01-09-2007, 07:53 AM
Quote:That's the point, though. I can't just think of the good time. I mean, whenever I start hearing or thinking stuff about his FUNERAL or even him in particular, then I immediately start to become speechless and such soppy stuff.You will, in time. Though I know people that lost a loved one 30 years ago and still cry when they think of them. The pain will fade with time, but it will never go away.
Quote:And, I dare to think how I would be if I really GO to the Funeral. So... anyhow, it's this Thursday... I'm still trying to think of a message that I want to pass on so it can still be read. I want to at least say something for my grandfather. And, you know, without him, I probably wouldn't be the person I am today, since he made that much of an impact on me.That's not something we can help you with, but you can think what would your grandfather say if he could give his opinion on this. Would he have been upset if you didn't go? Or would he rather let you do what you feel? Ask this to yourself.

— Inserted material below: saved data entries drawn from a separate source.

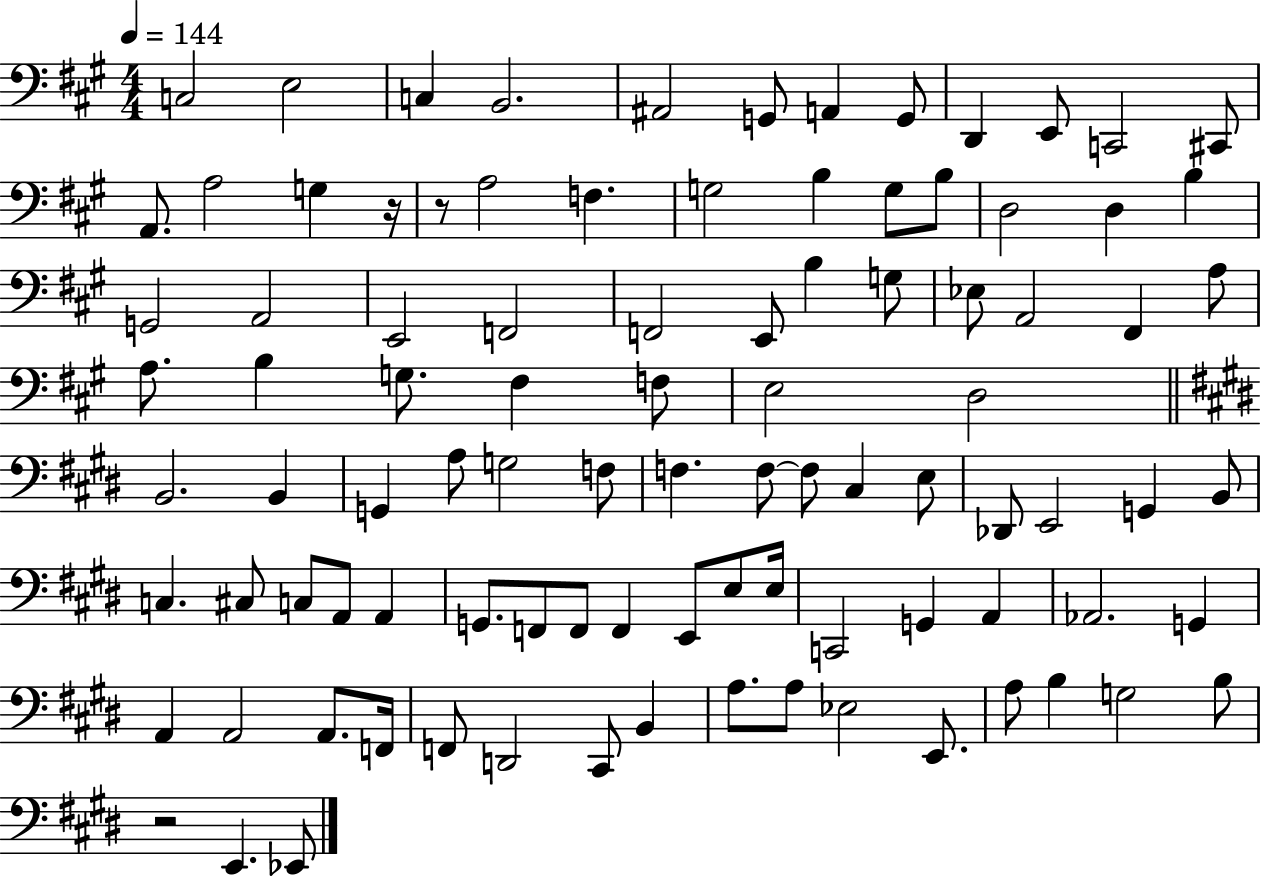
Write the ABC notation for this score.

X:1
T:Untitled
M:4/4
L:1/4
K:A
C,2 E,2 C, B,,2 ^A,,2 G,,/2 A,, G,,/2 D,, E,,/2 C,,2 ^C,,/2 A,,/2 A,2 G, z/4 z/2 A,2 F, G,2 B, G,/2 B,/2 D,2 D, B, G,,2 A,,2 E,,2 F,,2 F,,2 E,,/2 B, G,/2 _E,/2 A,,2 ^F,, A,/2 A,/2 B, G,/2 ^F, F,/2 E,2 D,2 B,,2 B,, G,, A,/2 G,2 F,/2 F, F,/2 F,/2 ^C, E,/2 _D,,/2 E,,2 G,, B,,/2 C, ^C,/2 C,/2 A,,/2 A,, G,,/2 F,,/2 F,,/2 F,, E,,/2 E,/2 E,/4 C,,2 G,, A,, _A,,2 G,, A,, A,,2 A,,/2 F,,/4 F,,/2 D,,2 ^C,,/2 B,, A,/2 A,/2 _E,2 E,,/2 A,/2 B, G,2 B,/2 z2 E,, _E,,/2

Quote:Most people the chance to see people before they die, yet I was not given the chance to see him till he did. Isn't that a reason to feel like this?That's not true. My grandfather died alone in a hospital bed while they were dializating him. We got to see him about half an hour earlier, but he did die alone. I'll never forgive the fucking physicians who would let us stay only a couple hours with a loved one in their last days.